Alex Jennings, who plays the hapless Prince Charles, doesn’t look like him, but does nail the voice and the deer-in-headlights expression, and there are some nice portrayals of important palace lackeys.
We don’t see Diana except in news footage, thankfully (and one brief staged shot where she and Dodi are dashing out the Ritz back door to jump in their deathmobile and ride into the ages). Nor do we see Camilla, even more thankfully, or more than a few distant glimpses of Wills and Harry.
The locations and photography are nothing short of spectacular, and several incredibly stately homes are used as stand-ins for Balmoral, the Scottish retreat where the Queen goes to ground like a hunted stoat, trying to make some sense of the tsunamis of grief for Diana that have begun to sweep the world, when all she can see Diana as is an ungrateful little tart who had no respect for the position she married into.
There’s some heavy-handed symbolism about a magnificent stag that Philip and the young princes are stalking…yeah, right, your mum’s just been killed in a horrific car crash, so sure, going out on the moors with your bloodthirsty grandpa for three days straight to try to slaughter an inoffensive and proudly vital stag is a PERFECT way to cope with your grief and loss.

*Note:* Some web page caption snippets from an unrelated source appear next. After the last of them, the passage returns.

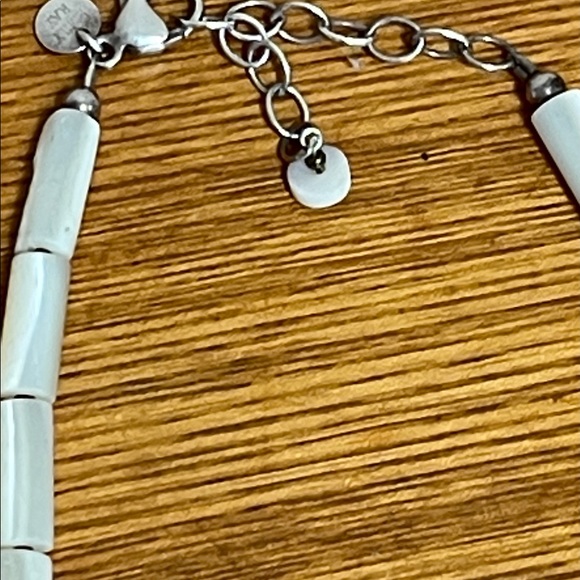 Emily Ray Shell Necklace - Picture 6 of 7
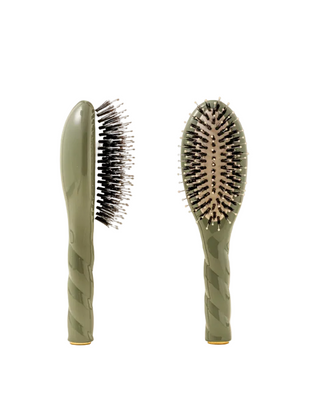 N.03 The Small For Sensitive Scalp HairBrush ALMOND GREEN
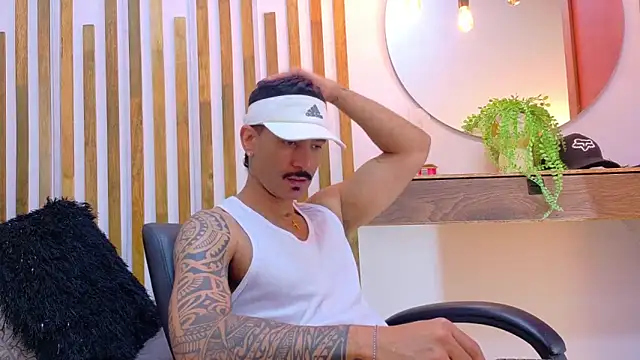 yorbymaxx online show from February 6, 2:20 pm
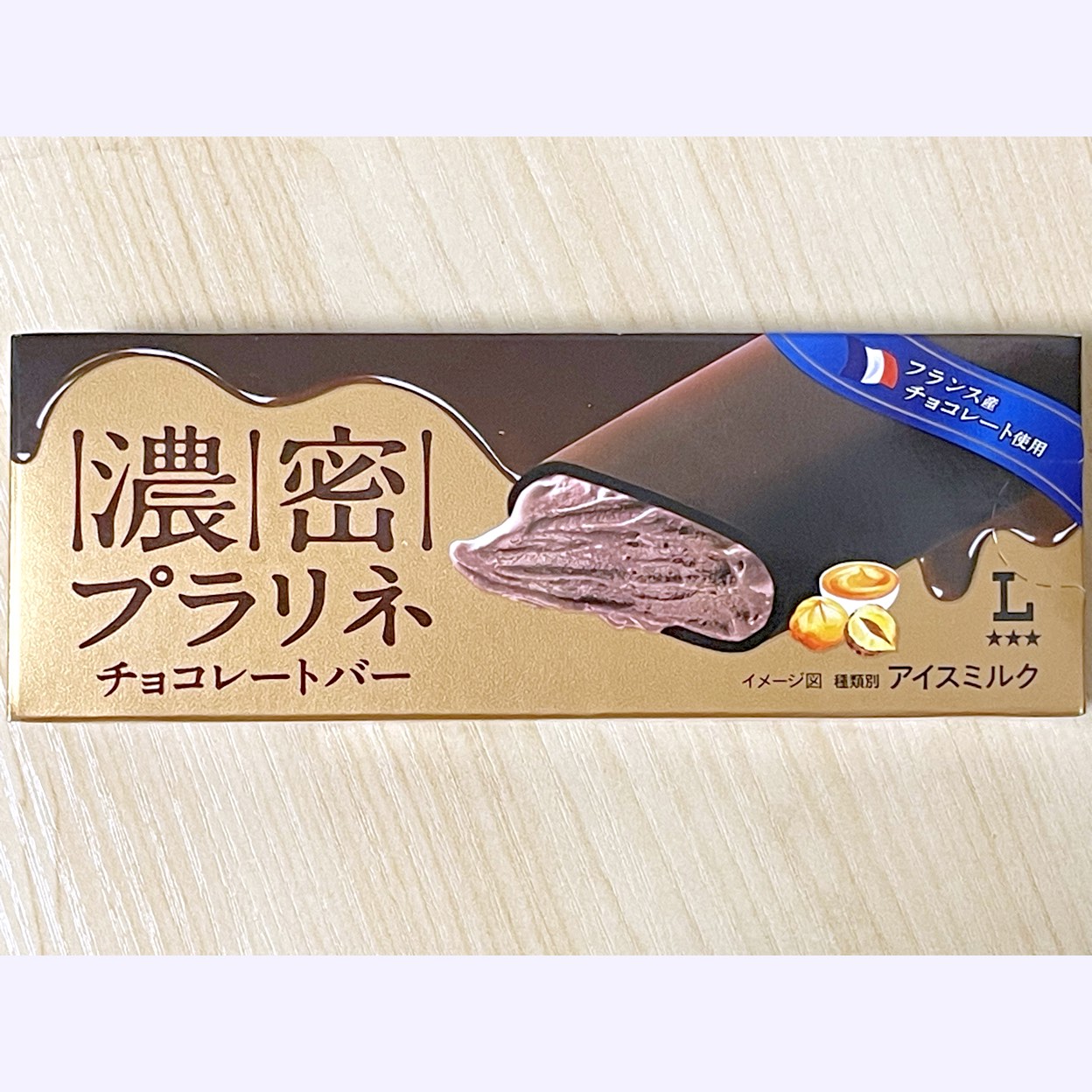 ローソンで購入したアイスクリーム、ロッテの濃密プラリネチョコレートバー。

No wonder this family is so, as it were, royally fucked up.
That stag is made to bear the weight of a huge crapload of metaphor: it represents Diana, it represents the Queen herself, it represents the way of life that Betty Mountbatten-Windsor feels to be slipping away forever, it represents the freedom she has never known. She even admires, in a lovely little scene where it comes right up near to her, its beauty and wildness and grace, and envies it.
So of course it ends up dead, that beautiful animal does, hanging upside down over a drain, in a little Victorian game larder on a neighboring estate, its blood slowly dripping out from the stump neck where its head with the proud antlers was cut off.
She actually goes to visit it there—it’s really wrong how much the scene of the kerchiefed, Barboured and wellie’d Liz regarding the dead stag's antlered head, all Hamlet with Yorick’s skull, made me laugh.
In the end, though, Blair has some sympathy for his monarch/mother figure, and Queenie seems to be a tad bit more human, or at least more humanly cynical. Cynical enough to warn him that his time for this sort of thing may soon come, and, now, it has.